On ne sait pas ce qui a fini par décider Google. Les procès à répétition dans toute l’Europe, les démarches des différentes associations de consommateurs et les nombreux articles de presse ont certainement contribué à ce que le géant de la recherche finisse par bloquer les publicités de l’un des acteurs majeurs du marché secondaire. Mais pourquoi est-ce si important?
Mise à jour 27 novembre 2019: les annonces de Viagogo sont de retour sur Google.
Pourquoi le premier emplacement est clé
Google a bâti sa réputation sur la capacité de ses algorithmes à fournir de bons résultats. Autrement dit, en jugeant de la pertinence et de la qualité des sites, l’outil de recherche fournit souvent le site le plus adapté à la question que l’on pose. L’ordre des résultats gratuits est déterminé séparément des positions payées, selon une recette secrète sans aucun favoritisme ni pénalité selon Google.
Les publicités (Google Ads) présentes en tête de la page sont à peine séparées des résultats gratuits. Leur statut d’annonces payées est peu visible et, même si l’on en est conscient, elles sont rarement de mauvaise qualité. De nombreuses marques utilisent d’ailleurs ces mêmes emplacements payants pour garantir la première place tant convoitée pour les quelques mots-clés qui les définissent, même si chaque clic leur coûte du coup quelques centimes.
La difficulté de déloger la meilleure enchère
Les internautes ignorent souvent qu’il y a une lutte qualitative et financière au niveau même des publicités.
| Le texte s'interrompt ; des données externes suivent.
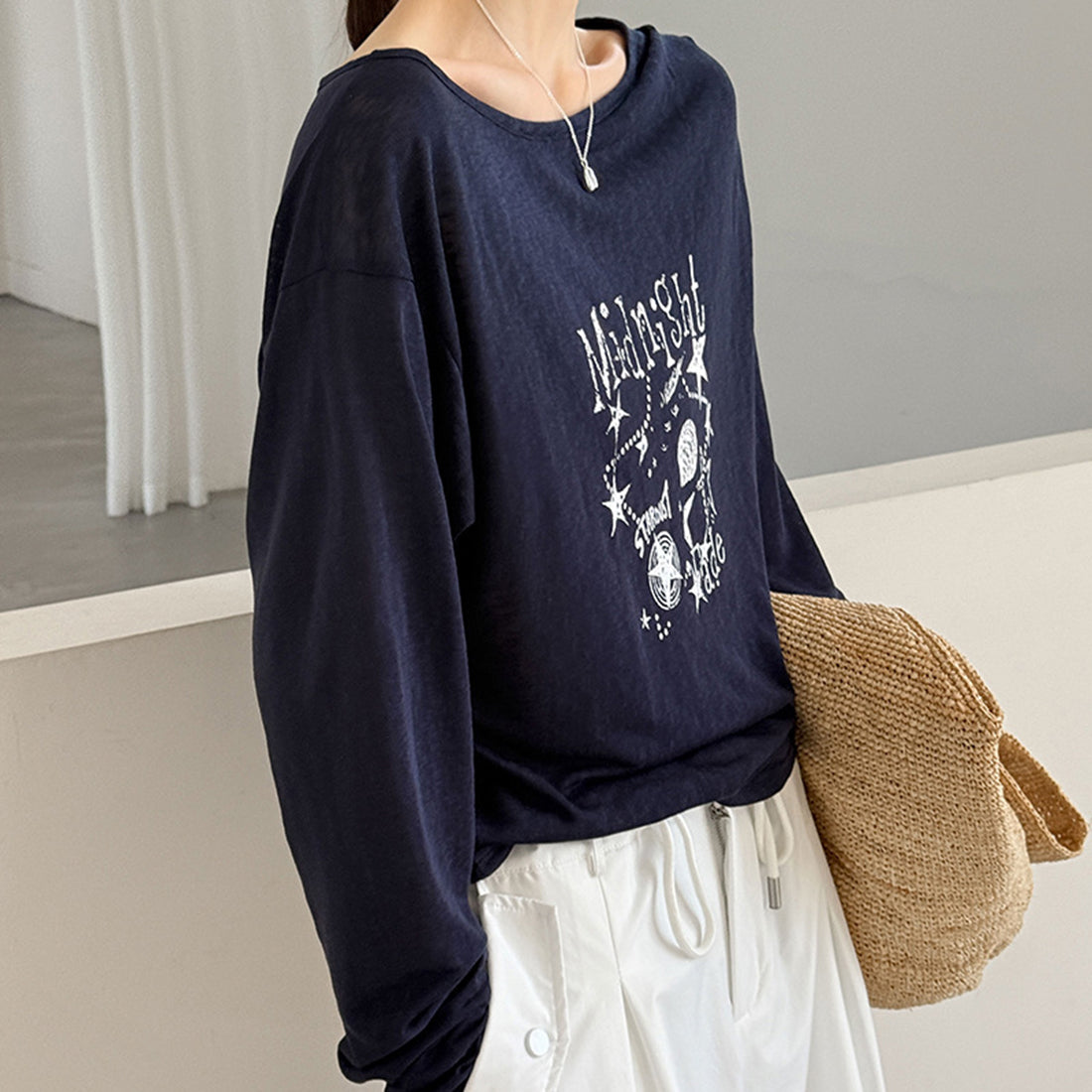 Women’s "Midnight" Star Print Off-Shoulder Long-Sleeve Top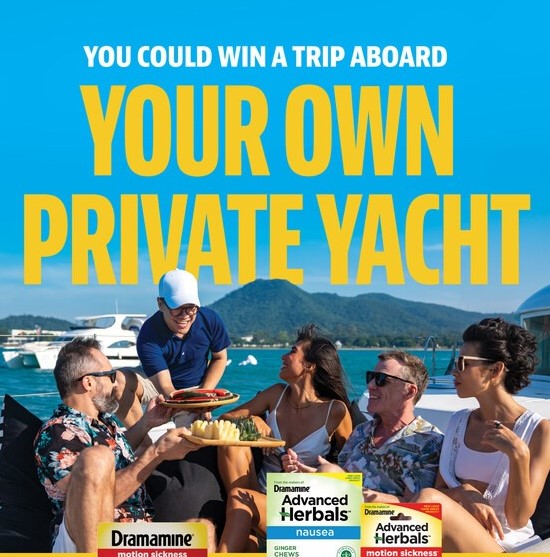 Transform your dream trip into reality with Dramamine®'s 'No Drama on Deck' Sweepstakes. Win a luxurious Miami yacht charter with friends and expert travel tips from Kate Chastain.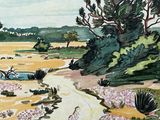 a picture of a painting of a road in the middle of a field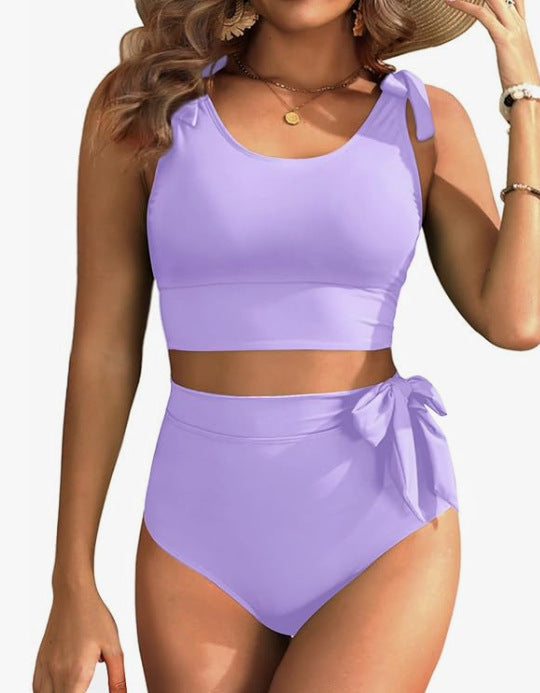 Women's High-Waisted Bikini Set with Knot-Decorated Top Mune Fashion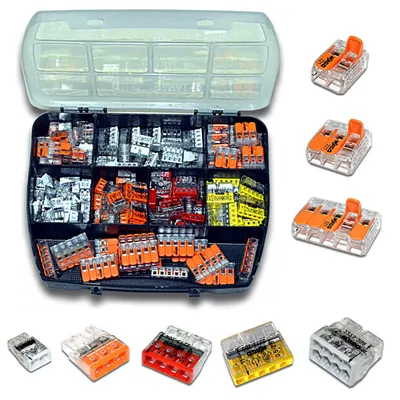 Produktbild von WAGO Klemme (150 Stück) Set Sortiment 221-412 | 221-413 | 221-415 | 2273-202 | 2273-203 | 2273-204 | 2273-205 | 2273-208 | Verbindungsklemme | inkl. praktischem Sortimentskasten
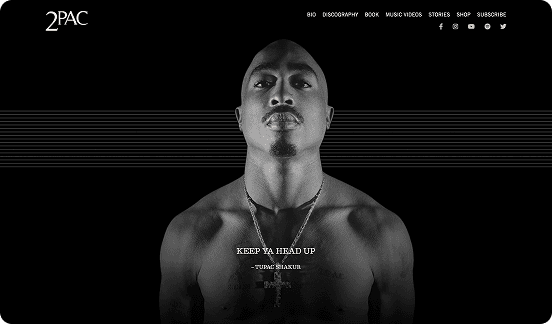 Screenshot of 2Pac website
C’est logique, puisque Google a intérêt à présenter une annonce performante: non seulement l’internaute est ainsi satisfait de son clic (donc du moteur de recherche utilisé), mais une publicité cliquée ramène de l’argent à Google alors qu’une publicité non cliquée est une opportunité manquée.
Les positions publicitaires sont mises aux enchères de façon automatisée par mot-clé de recherche, et Google récompense ensuite les annonceurs performants en baissant significativement le coût par clic. Comme le modèle économique de Viagogo repose fortement sur l’efficacité de ces publicités, celles-ci sont en permanence présentes et continuellement adaptées pour être les plus efficaces possibles. Elles profitent en outre de jouer entre tous les lieux de concerts: avant même que l’on sache par exemple qu’un artiste ABC est présent au Paléo Festival, Viagogo répond déjà aux mots-clés «billets artiste ABC» pour des événements annexes et cimente ainsi sa première position «payée» sur le long terme. Lorsque tel festival ou billetterie cherche à se réapproprier un unique concert, la bataille est déjà perdue: il faut commencer avec une enchère très haute et tenter de rapidement convaincre l’algorithme de Google Ads que son lien payant est plus efficace que celui, déjà ultraperformant, de la plate-forme de marché gris. C’est là l’une des spécificités du domaine qui fait que la branche ne peut simplement pas lutter à armes égales contre les agrégateurs de billets.
Un traitement spécifique « billets » à respecter sur Google Ads
Cette situation particulière est la raison pour laquelle la campagne de la FRC, reprise au niveau européen, a mis l’accent sur l’importance du premier lien sur Google et Bing. Elle explique aussi pourquoi Google a mis en place des règles spécifiques pour les publicités concernant la vente de billets en février 2018, après une première salve de critiques.
Aujourd’hui, Google Suisse se contente de confirmer que des infractions à ces mêmes règles ont été constatées, sans en dire plus sur la durée de la suspension ou sa signification. La FRC a demandé à Microsoft si Bing allait suivre l’exemple.